1. Why DI is the default explanation for mismatches
My theoretical point in this chapter is basically a very simple one: if mismatches are departures from a default pattern, then the best mechanism for both stating and explaining them is default inheritance (DI). If this is true, there is no need to invoke any other kinds of mechanism for mismatches such as:
· special procedures for converting the default pattern into the mismatch pattern by moving, deleting or otherwise changing it - the standard tools of derivational theories;
· special procedures for resolving conflicts between competing patterns such as the constraint ranking of Optimality Theory.
There are already several linguistic theories in which DI plays an explicit and important part:
· Cognitive Grammar (Langacker 1998; Langacker 2000)

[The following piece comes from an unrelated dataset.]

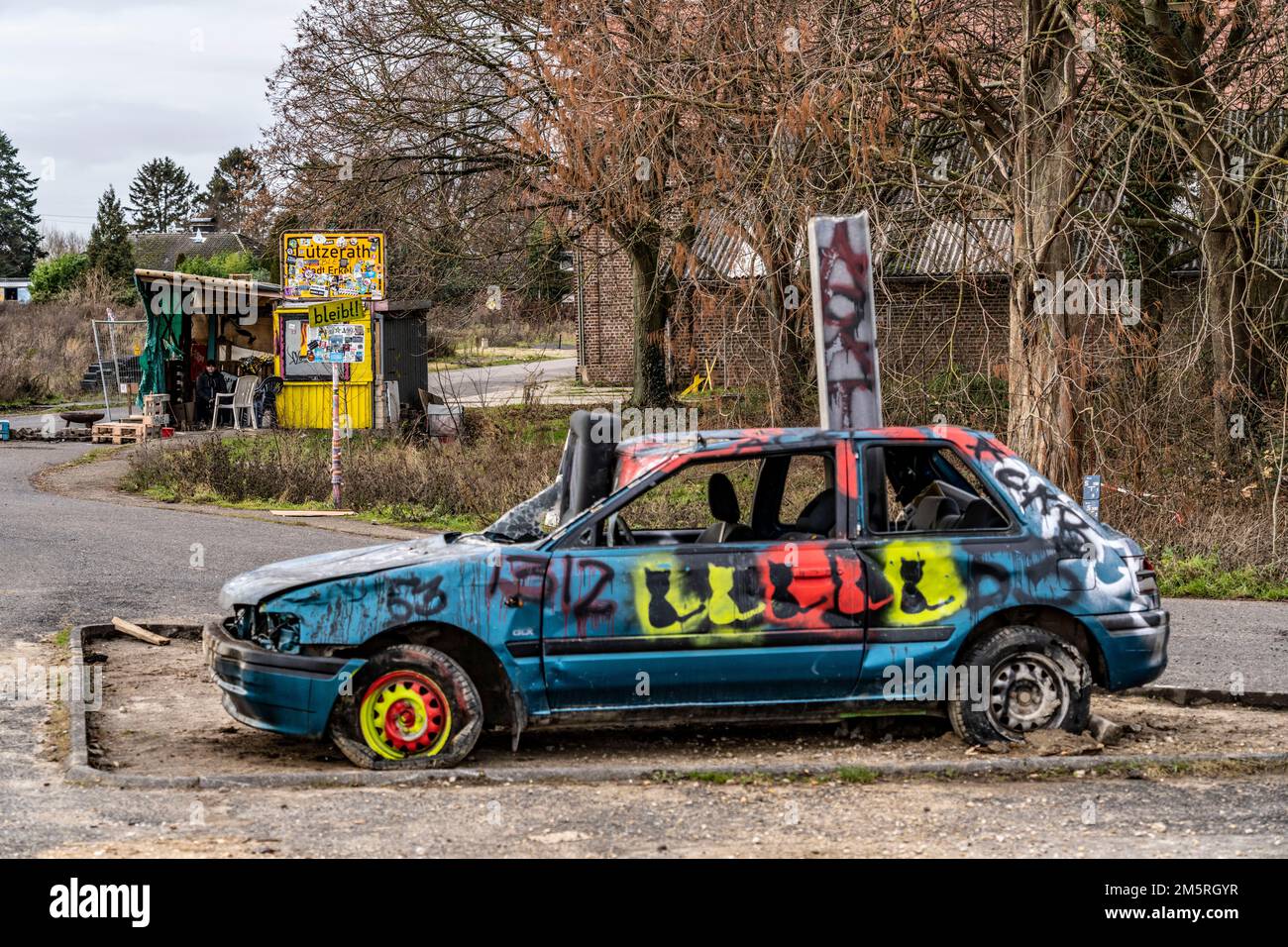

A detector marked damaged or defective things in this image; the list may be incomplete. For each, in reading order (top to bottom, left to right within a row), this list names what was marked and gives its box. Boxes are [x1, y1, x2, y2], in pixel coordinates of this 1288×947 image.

wrecked car [203, 414, 1169, 773]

· Construction Grammar (Fillmore, Kay, and O'Connor 1988; Goldberg 1995; Kay and Fillmore 1999)
· Head-driven Phrase Structure Grammar (Pollard and Sag 1994; Sag 1997)
· Word Grammar (Creider and Hudson 1999; Fraser and Hudson 1992; Hudson 1990; Hudson 2000a)
However there are others in which it has no place at all, so the claims of this paper are a major challenge to these theories. The position of DI raises fundamental theoretical issues which this chapter can hardly touch on, but at least I can explain how DI works and how it applies to some familiar examples of mismatch. This section will set the scene by explaining what DI is and why it is the best candidate for explaining all kinds of mismatch.
The basic idea of DI is extremely simple and familiar: Generalisations usually apply, but may have exceptions. Any linguist is all too aware of this basic truth, but it is not restricted to language. The standard discussions of DI tend to start with examples such as three-legged cats (which violate the generalisation that cats have four legs), flightless birds and white elephants. In each case there is a generalisation about some super-category (e.g. Cat) which applies to the vast majority of its sub-cases; this is the 'default' pattern, so-called because sub-cases have it 'by default', i.e. unless something else prevents it. (Similarly, the default settings on a computer are those which apply unless someone changes them.) Thus if you know that something is a cat, but cannot see its legs, then you can assume it has the default number, four. The logic which leads to this assumption is called 'inheritance' - your particular cat inherits four legs (in your mind) from the general Cat. However, a small minority of cats have fewer than four legs, perhaps as the result of an accident, so there are exceptions whose actual characteristics 'override' the default. When your particular cat stands up and you can count the legs, you do not have to revise its classification - it is still a cat, but an exceptional one.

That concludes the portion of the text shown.